ERBIL, Kurdistan Region of Iraq - Iraq’s powerful Shiite cleric Muqtada al-Sadr on Thursday said that he will not be participating in the upcoming elections and called on his followers not to vote or run for office, citing ongoing “corruption” in the country.
“Let everyone know that as long as corruption exists, I will not participate in a limping electoral process that is only concerned with sectarian, ethnic, and partisan interests, far removed from the suffering of the people and the disasters taking place in the region, the main cause of which is the plunging of Iraq and its people into incinerators that it has no stake in,” read a statement from Sadr on Thursday.
Last month, Sadr, who has been out of the Iraqi political scene since August 2022, urged his supporters to update their voter registrations; a move that was interpreted as a potential shift in his stance on participating in the upcoming elections.
However, on Thursday, the leader of National Shiite Movement, said that participating in the elections “constitutes assistance in sin.”
“Just as I ordered them [supporters] to vote, today I forbid them all from voting and running for office, for it constitutes assistance in sin.

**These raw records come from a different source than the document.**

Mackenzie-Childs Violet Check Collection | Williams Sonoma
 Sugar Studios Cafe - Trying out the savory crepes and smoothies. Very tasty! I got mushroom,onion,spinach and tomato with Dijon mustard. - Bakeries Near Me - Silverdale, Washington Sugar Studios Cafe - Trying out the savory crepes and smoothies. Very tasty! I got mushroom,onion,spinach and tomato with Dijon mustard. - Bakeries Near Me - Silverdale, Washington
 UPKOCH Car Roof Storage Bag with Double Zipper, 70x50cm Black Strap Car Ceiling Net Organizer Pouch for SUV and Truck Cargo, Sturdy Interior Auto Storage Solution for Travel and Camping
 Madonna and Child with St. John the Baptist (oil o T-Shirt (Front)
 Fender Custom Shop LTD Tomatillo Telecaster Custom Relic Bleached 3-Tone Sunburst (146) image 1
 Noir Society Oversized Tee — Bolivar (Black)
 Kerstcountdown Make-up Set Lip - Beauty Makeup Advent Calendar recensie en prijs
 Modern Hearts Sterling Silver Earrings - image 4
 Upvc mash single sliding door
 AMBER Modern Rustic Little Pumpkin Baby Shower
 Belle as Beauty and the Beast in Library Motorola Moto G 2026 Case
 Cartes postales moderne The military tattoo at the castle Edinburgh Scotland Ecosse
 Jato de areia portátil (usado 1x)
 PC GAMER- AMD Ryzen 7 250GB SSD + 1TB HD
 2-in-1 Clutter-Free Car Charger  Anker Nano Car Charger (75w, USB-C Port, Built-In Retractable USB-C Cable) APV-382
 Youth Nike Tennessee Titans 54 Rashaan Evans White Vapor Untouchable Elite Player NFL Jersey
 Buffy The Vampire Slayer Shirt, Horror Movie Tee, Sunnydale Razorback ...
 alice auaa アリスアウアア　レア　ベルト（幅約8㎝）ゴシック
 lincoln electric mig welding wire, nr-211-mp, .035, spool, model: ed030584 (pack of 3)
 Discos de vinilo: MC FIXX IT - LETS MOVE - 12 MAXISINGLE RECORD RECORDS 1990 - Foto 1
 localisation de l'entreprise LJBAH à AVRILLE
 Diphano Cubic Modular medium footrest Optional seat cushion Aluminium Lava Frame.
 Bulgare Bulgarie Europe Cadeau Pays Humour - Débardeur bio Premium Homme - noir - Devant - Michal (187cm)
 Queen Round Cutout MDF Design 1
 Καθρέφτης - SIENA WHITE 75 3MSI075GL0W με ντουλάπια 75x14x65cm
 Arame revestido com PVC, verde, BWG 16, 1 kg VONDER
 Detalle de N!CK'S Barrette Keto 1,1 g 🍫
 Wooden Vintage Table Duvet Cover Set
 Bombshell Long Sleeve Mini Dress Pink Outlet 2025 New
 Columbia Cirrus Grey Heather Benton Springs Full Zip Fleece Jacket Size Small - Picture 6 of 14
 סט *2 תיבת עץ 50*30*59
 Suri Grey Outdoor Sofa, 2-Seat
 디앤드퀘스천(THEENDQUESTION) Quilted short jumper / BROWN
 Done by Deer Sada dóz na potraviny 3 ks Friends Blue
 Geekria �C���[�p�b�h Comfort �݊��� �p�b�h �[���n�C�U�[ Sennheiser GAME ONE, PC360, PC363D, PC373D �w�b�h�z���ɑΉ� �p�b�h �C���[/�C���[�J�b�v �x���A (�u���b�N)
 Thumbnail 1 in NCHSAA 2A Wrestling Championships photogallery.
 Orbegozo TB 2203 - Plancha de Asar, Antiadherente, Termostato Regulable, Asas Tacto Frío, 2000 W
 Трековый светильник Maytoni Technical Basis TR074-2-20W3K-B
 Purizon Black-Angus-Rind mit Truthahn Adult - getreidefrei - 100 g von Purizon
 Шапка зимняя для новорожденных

What benefit can be expected from the participation of the corrupt and the subservient while Iraq is living its last breaths?” Sadr added.
Iraq is set to hold parliamentary elections later this year, but no specific date has yet to be announced for the vote.
Sadr, whose movement emerged as the main victor from the 2021 Iraqi parliamentary elections after gaining 73 seats, ordered all his MPs to resign from the legislature in June 2022 after his attempts to form the next government were repeatedly blocked, mainly by the pro-Iran Shiite Coordination Framework.
In protest, Sadr’s supporters entered Baghdad’s fortified Green Zone, staging a sit-in for over a month before violent clashes broke out between them and supporters of the Coordination Framework in late August 2022, during which at least 23 people were killed and over 380 others were wounded.
Sadr announced his “definitive” retirement from politics shortly after the clashes.